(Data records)
================================
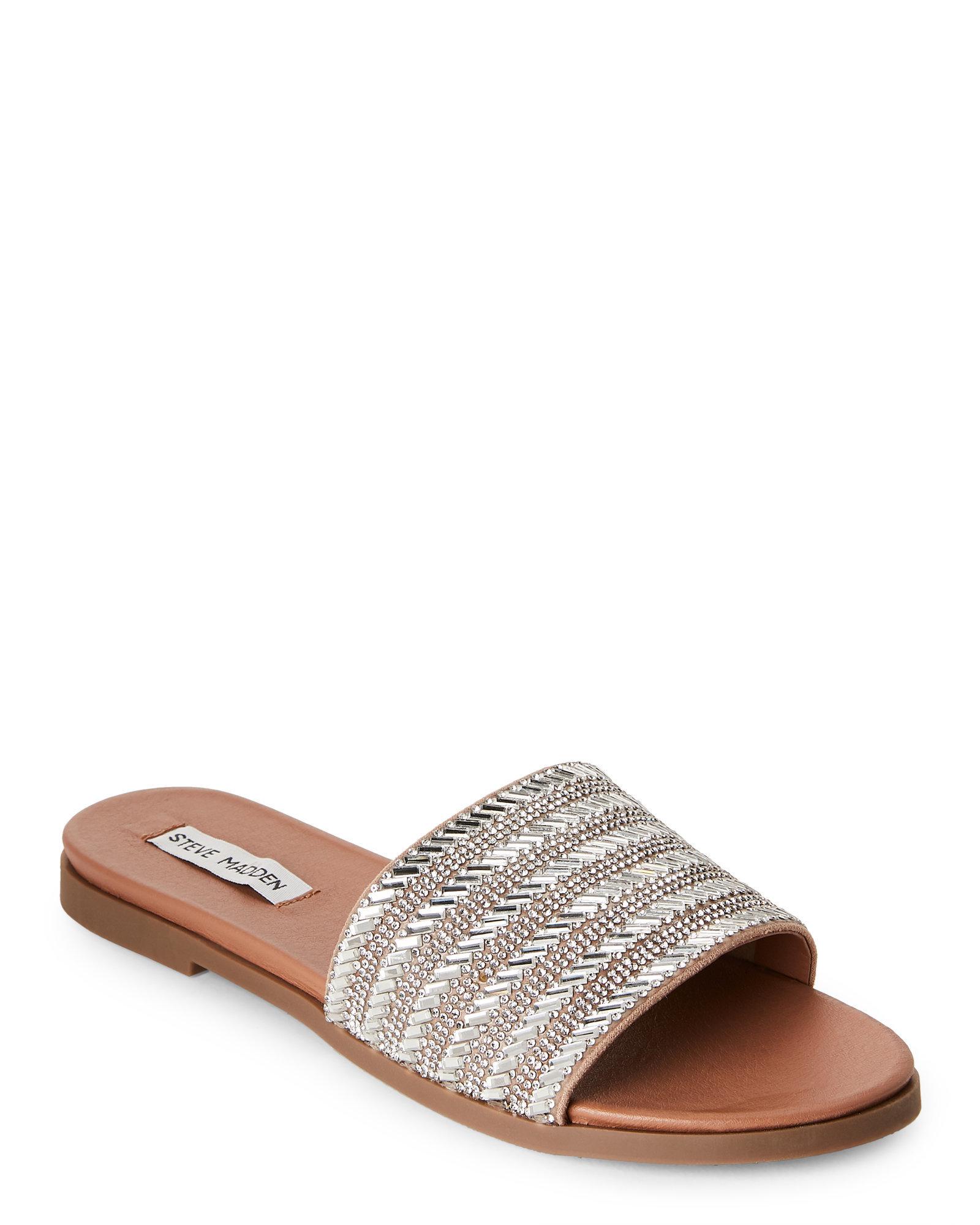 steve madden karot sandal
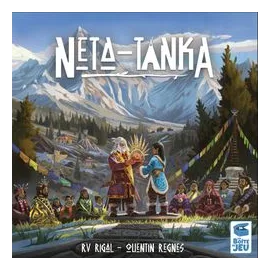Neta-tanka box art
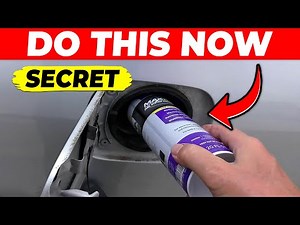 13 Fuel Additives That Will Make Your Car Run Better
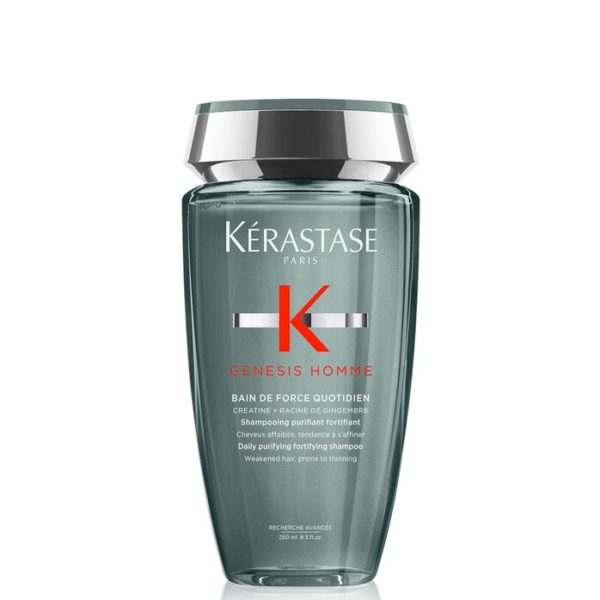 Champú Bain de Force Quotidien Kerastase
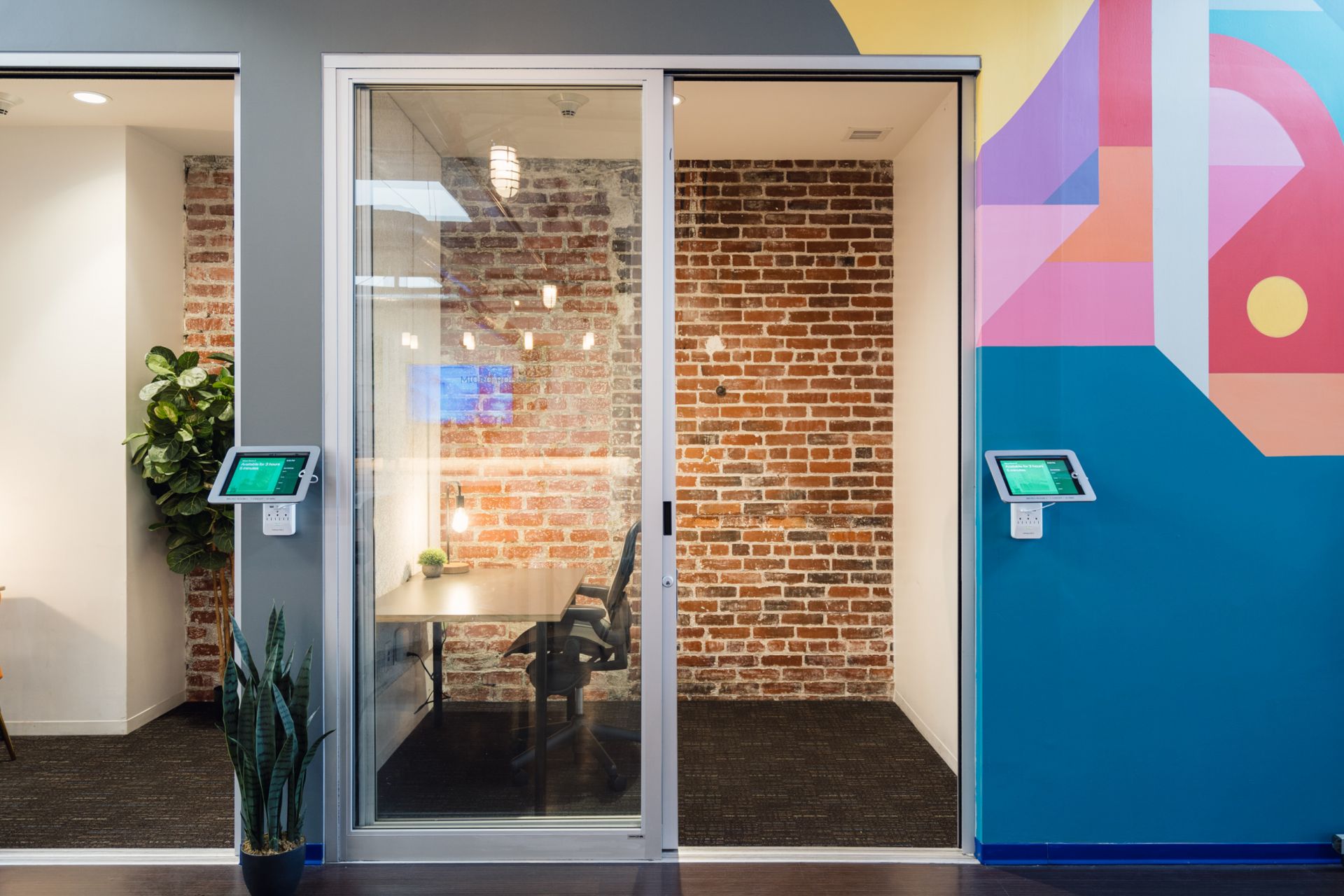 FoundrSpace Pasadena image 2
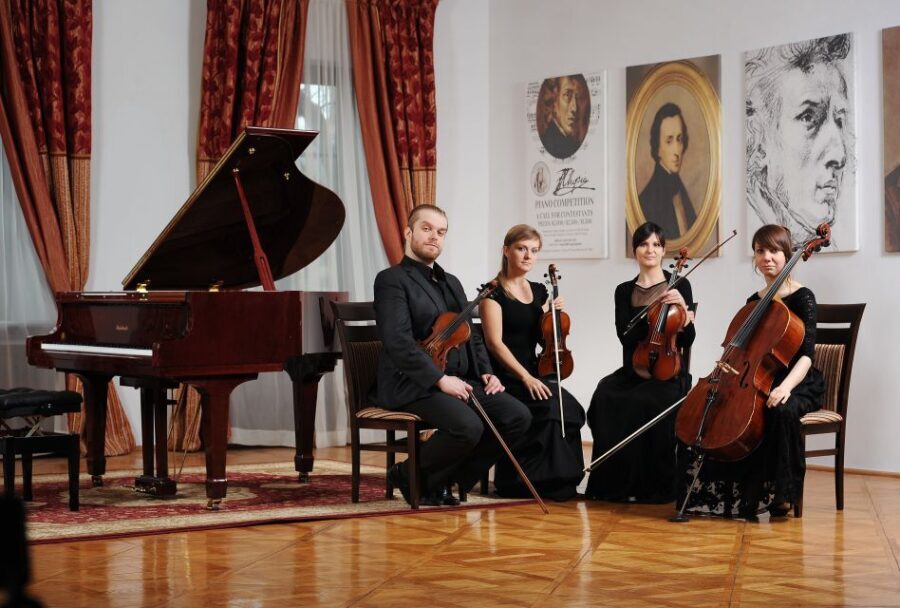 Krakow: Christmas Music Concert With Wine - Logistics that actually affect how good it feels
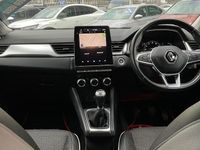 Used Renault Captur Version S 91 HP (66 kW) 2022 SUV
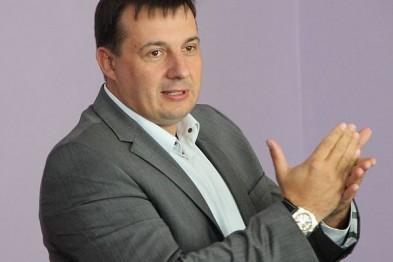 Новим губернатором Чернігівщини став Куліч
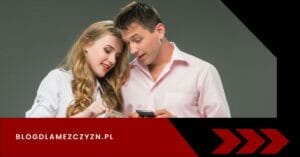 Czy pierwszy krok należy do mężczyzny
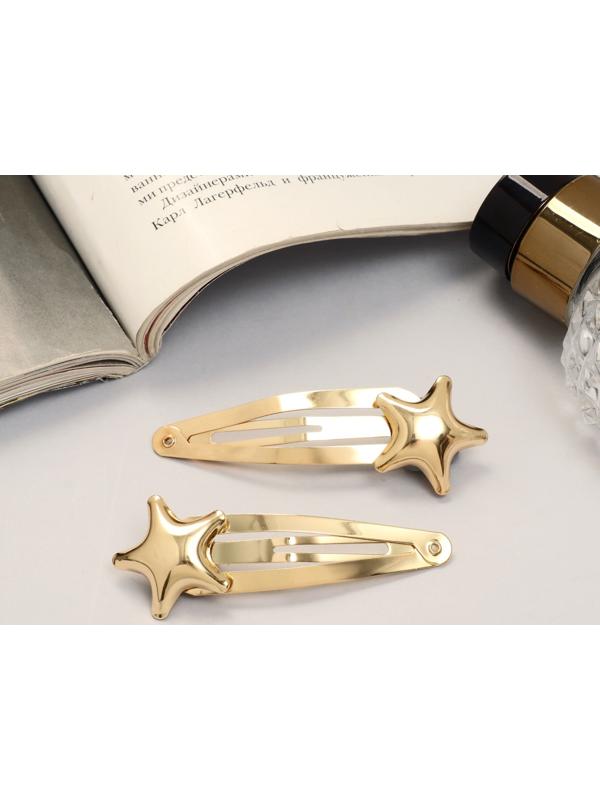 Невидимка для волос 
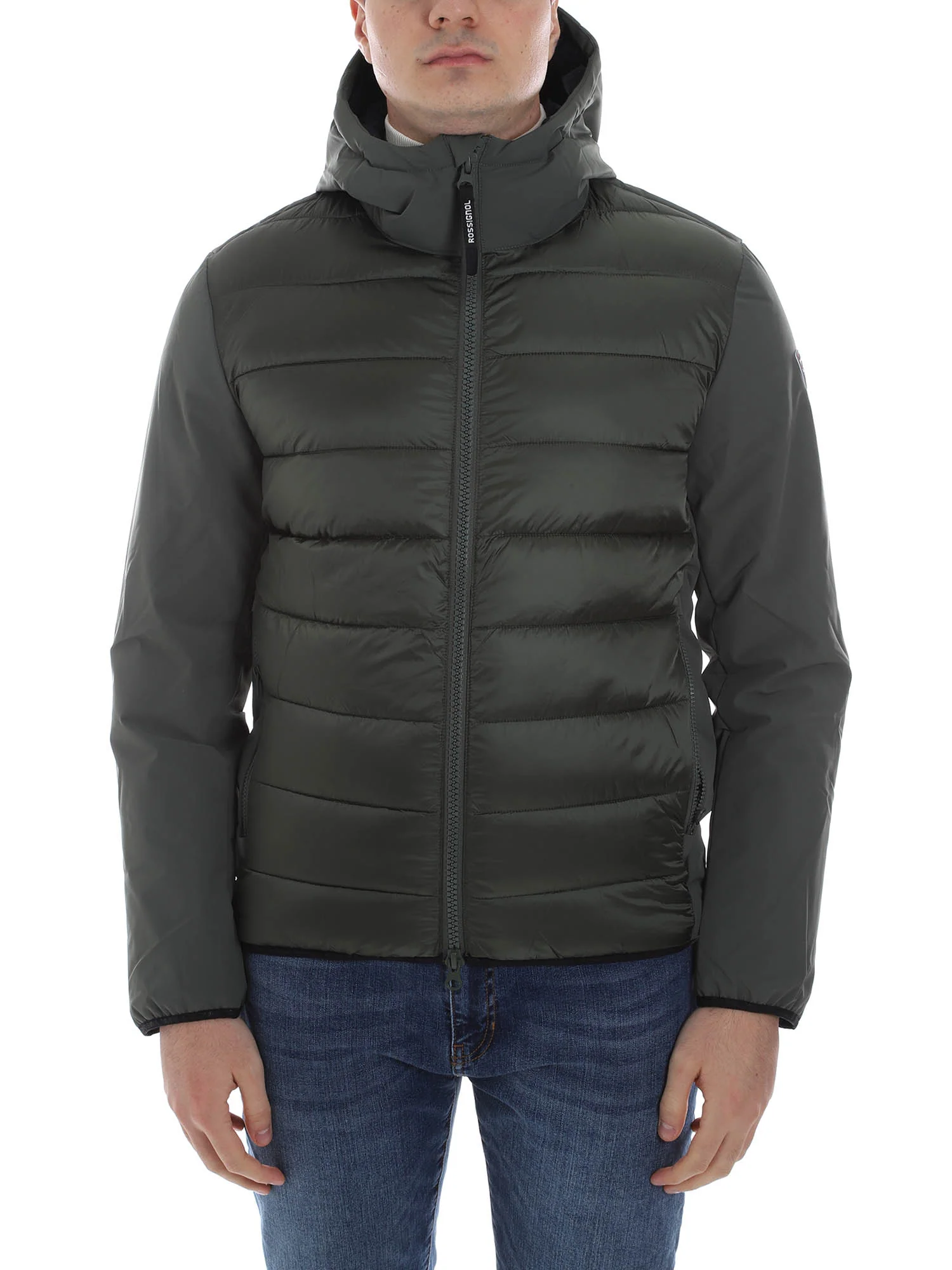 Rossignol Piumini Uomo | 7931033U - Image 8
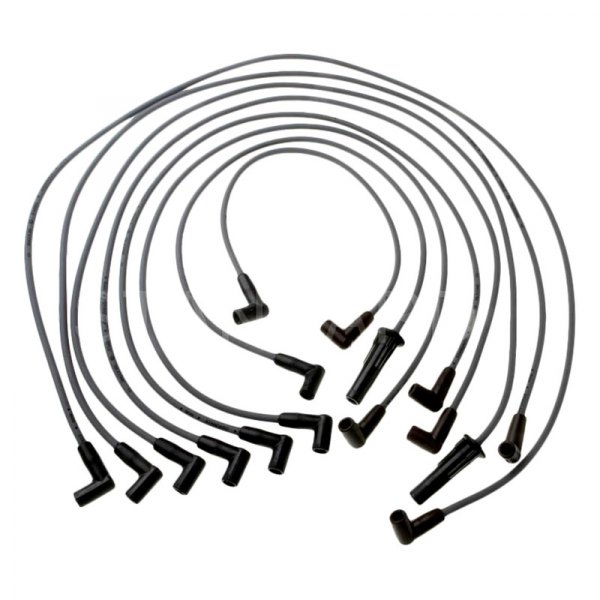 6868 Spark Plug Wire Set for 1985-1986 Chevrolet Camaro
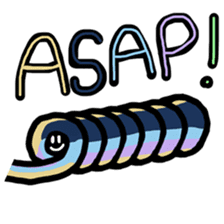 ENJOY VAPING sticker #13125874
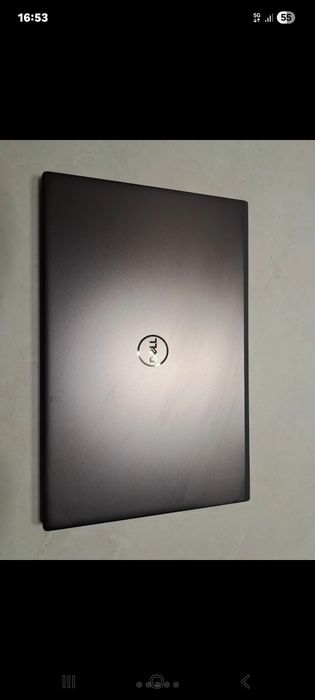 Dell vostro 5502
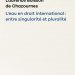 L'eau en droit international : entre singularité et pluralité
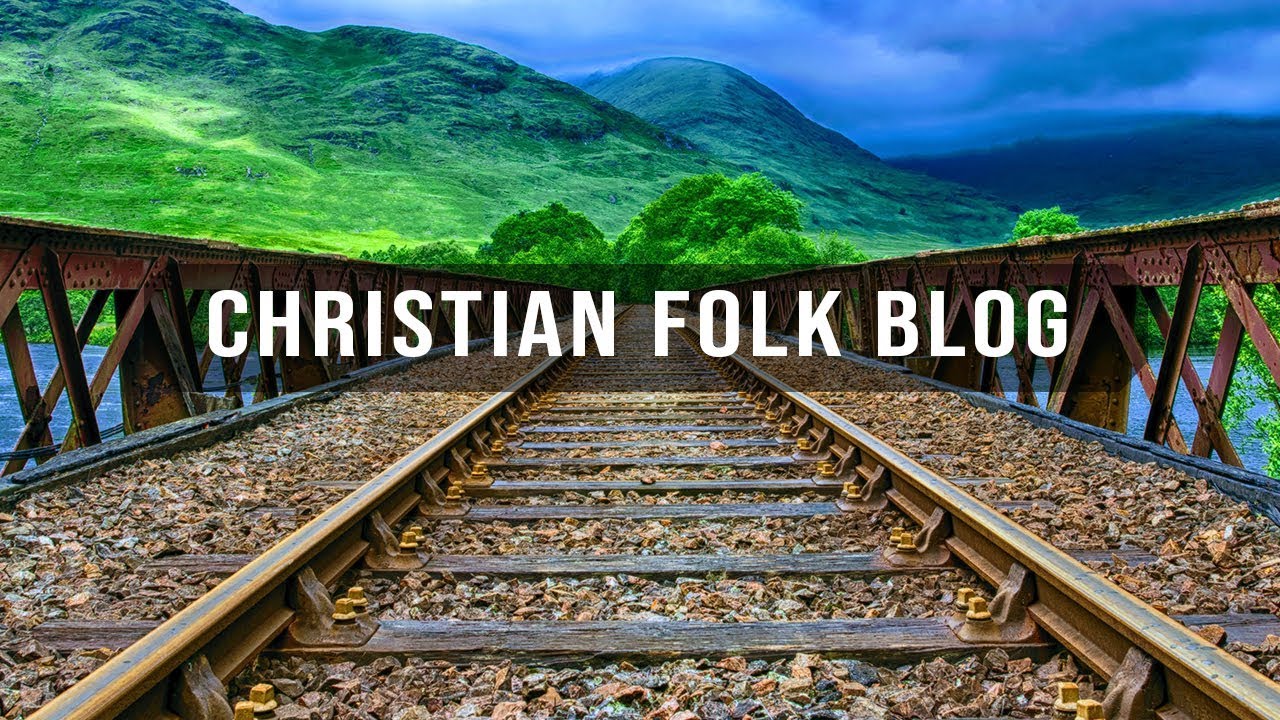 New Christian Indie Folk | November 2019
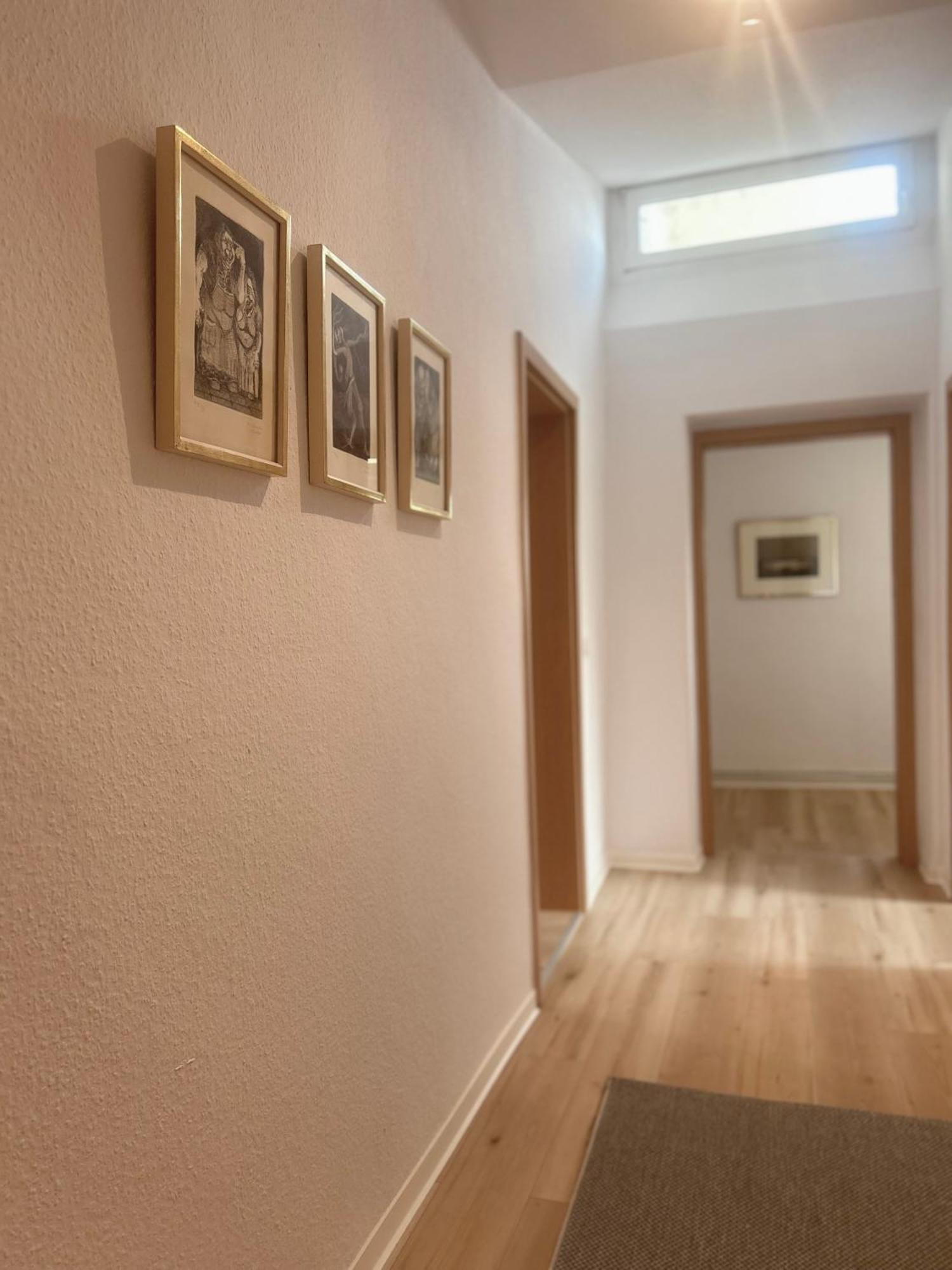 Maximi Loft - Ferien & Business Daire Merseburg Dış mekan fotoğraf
================================
(PROBLEM TO SOLVE) The copy you give must run from the line containing "Новим губернатором Чернігівщини став Куліч" through the last line of the records, exactly, with the pictures left out.

(THE COMPLETED TASK)
 Новим губернатором Чернігівщини став Куліч
 Czy pierwszy krok należy do mężczyzny
 Невидимка для волос 
 Rossignol Piumini Uomo | 7931033U - Image 8
 6868 Spark Plug Wire Set for 1985-1986 Chevrolet Camaro
 ENJOY VAPING sticker #13125874
 Dell vostro 5502
 L'eau en droit international : entre singularité et pluralité
 New Christian Indie Folk | November 2019
 Maximi Loft - Ferien & Business Daire Merseburg Dış mekan fotoğraf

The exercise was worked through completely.